If you read that People Magazine story carefully, there are actually NO people who can corroborate the attack. The people that are mentioned in regard to the attack all report only what they were told by the reporter. They have no independent knowledge of their own to provide. The most they can corroborate is that "Stoynoff said Trump attacked her", and I think that's a fact that isn't in question.

The only true corroboration in that article is that the reporter and Trump "chatted in a friendly way" during a meeting between Stoynoff, Donald, and Melania. The "corroborating" witness comments that what struck her most about that meeting was that Melania was carrying a child and wearing high heels. I think "Donald slammed her up against a wall and stuck his tongue down her throat" would have ranked a bit higher than the sartorial attire of Trump's wife had it been observed.
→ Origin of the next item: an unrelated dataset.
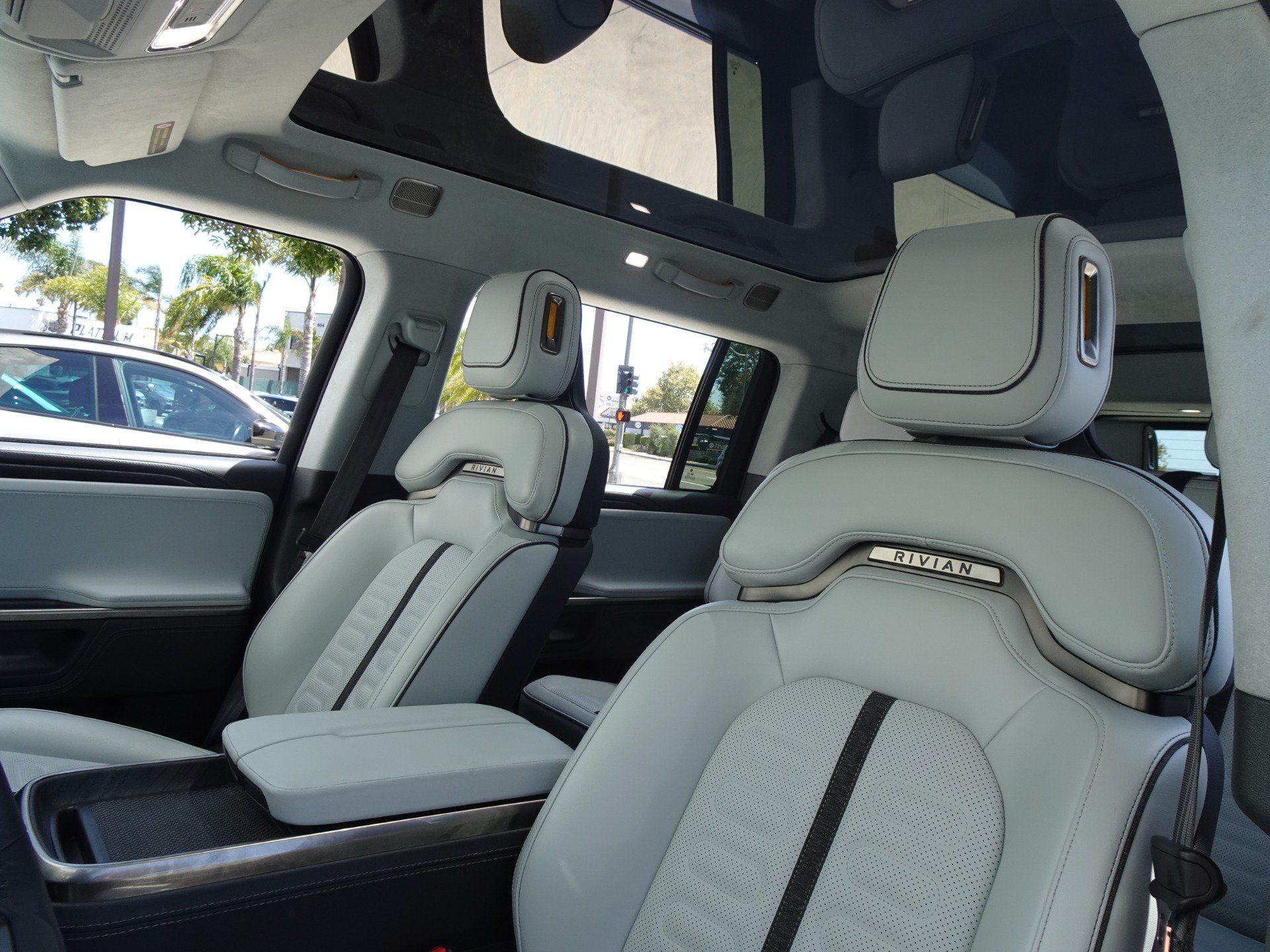 Used 2024 Rivian R1S Adventure AWD/4WD image 11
Even Stoynoff claims that she and Trump were alone when the alleged attack happened. At that point it becomes a he-said she-said (or zie-said zie-said, if you will). If allegation is all it takes to prove guilt these days, then we've a plethora of allegations we can consider about both candidates, some of which have a lot more evidence than "she told me that..."

Comment Re:Fair point (Score 1) 557

but Trump actually raped an underage girl

Please cite the court verdict that proves this accusation. All I know of is one woman who filed a civil suit using a fake address for something that happened twenty two years ago. There is no evidence to back up that claim, and no lawyer or civil rights group bothering to help her.

Do you have the facts that could effect the outcome of this lawsuit?

Comment Re:Fair point (Score 1) 557

Most normal people both left and right support some level of gun control because they know that less guns mean less gun violence.

We already have some level of gun control in the US.

The idea that "just one more law" will take guns out of the hands of true criminals (and not just people who are suddenly criminals only because of that "one more law") is foolish. "Just One More Law" is never intended to impact the true criminal, because "normal people" understand that the true criminal element won't obey that law, either. What other purpose than removing guns from law abiding citizens can ANY law that does nothing but remove guns from the hands of law abiding citizens have?

By the way, your claim that automatic weapons have no use other than "killing lots of people" kinda gives away your anti-gun bias. The fact that you do not want to admit to any other use doesn't mean they don't actually have any.